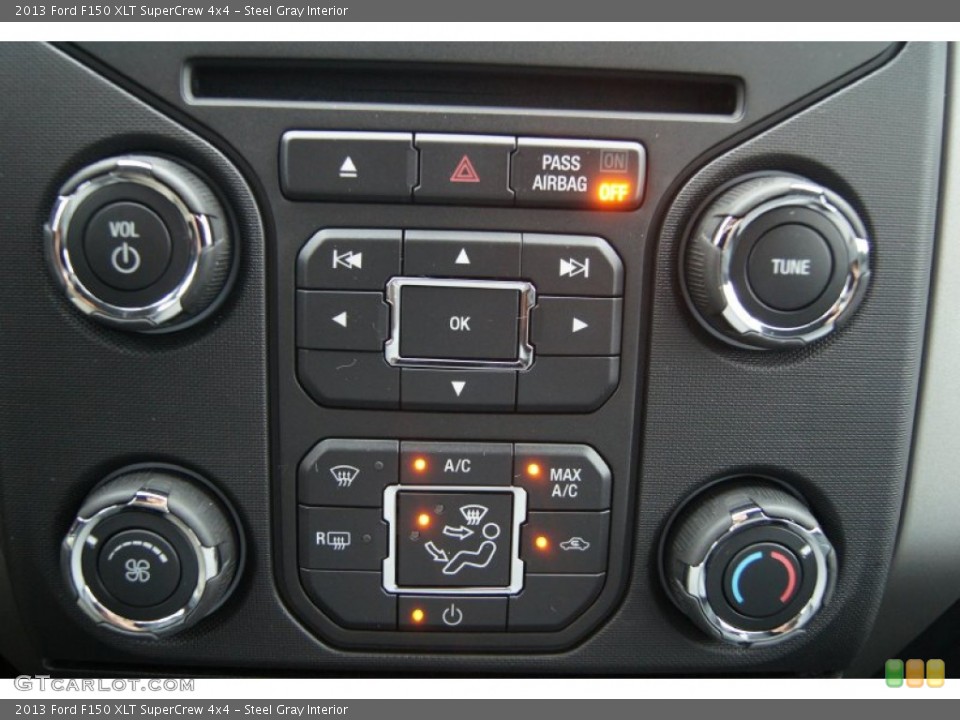 Steel Gray Interior Controls for the 2013 Ford F150 XLT SuperCrew 4x4 #71541067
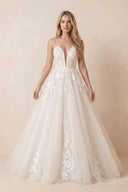 Ivory Lace Corset V - Neck A - Line Wedding Dress - SHE IS ME Wedding Dresses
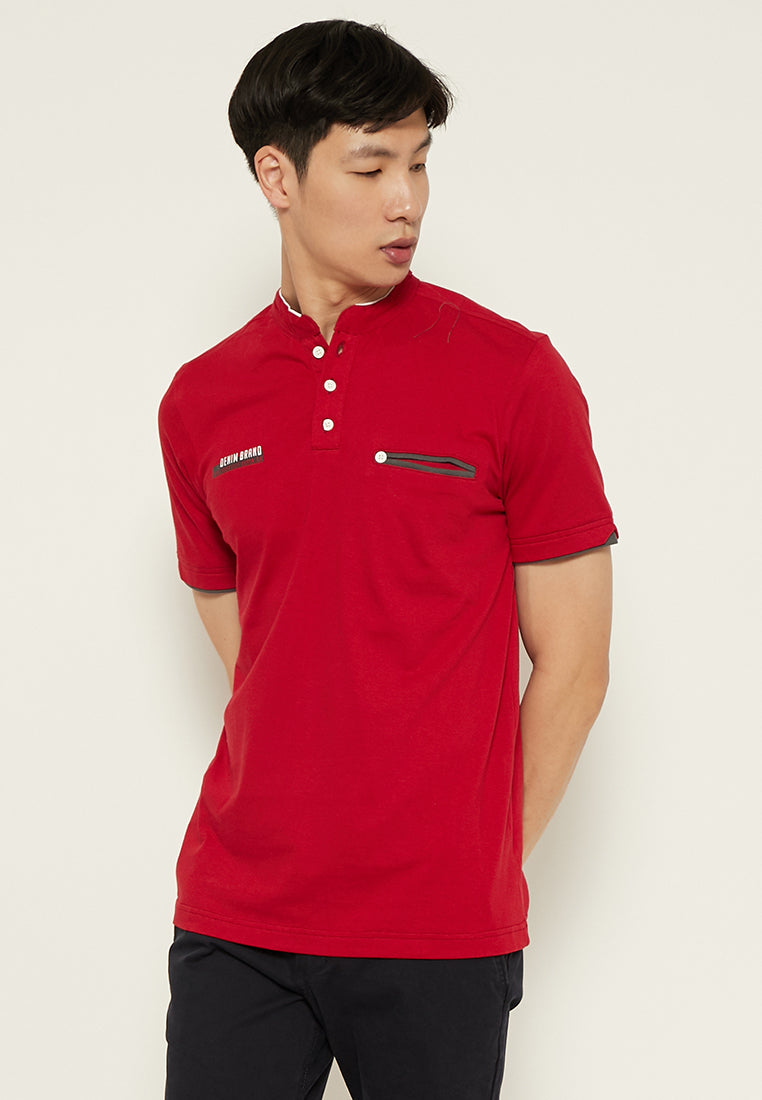 Woffi Man Kaos Denim Brand Henley T-Shirt Merah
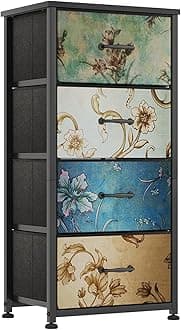 CAIYUN Chest of Drawers Bedroom with 4 Drawers and Flower Printing, Small Fabric Dressers, Dresser for Entryway Hallway Living Room, Closet Storage Drawer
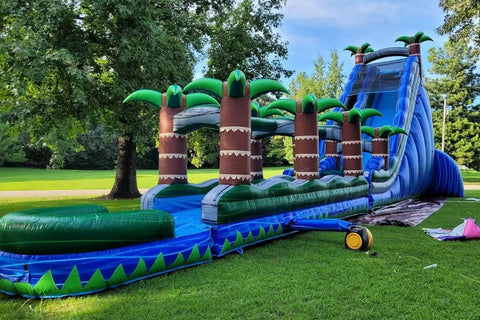 Commercial Tropical Waterslide Large Inflatable Slip And Slide Big Bounce Water Slide For Yard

◆ Directions for this task
Pictures stay out; print everything else in the data exactly.

◆ Answer to the exercise
 Steel Gray Interior Controls for the 2013 Ford F150 XLT SuperCrew 4x4 #71541067
 Ivory Lace Corset V - Neck A - Line Wedding Dress - SHE IS ME Wedding Dresses
 Woffi Man Kaos Denim Brand Henley T-Shirt Merah
 CAIYUN Chest of Drawers Bedroom with 4 Drawers and Flower Printing, Small Fabric Dressers, Dresser for Entryway Hallway Living Room, Closet Storage Drawer
 Commercial Tropical Waterslide Large Inflatable Slip And Slide Big Bounce Water Slide For Yard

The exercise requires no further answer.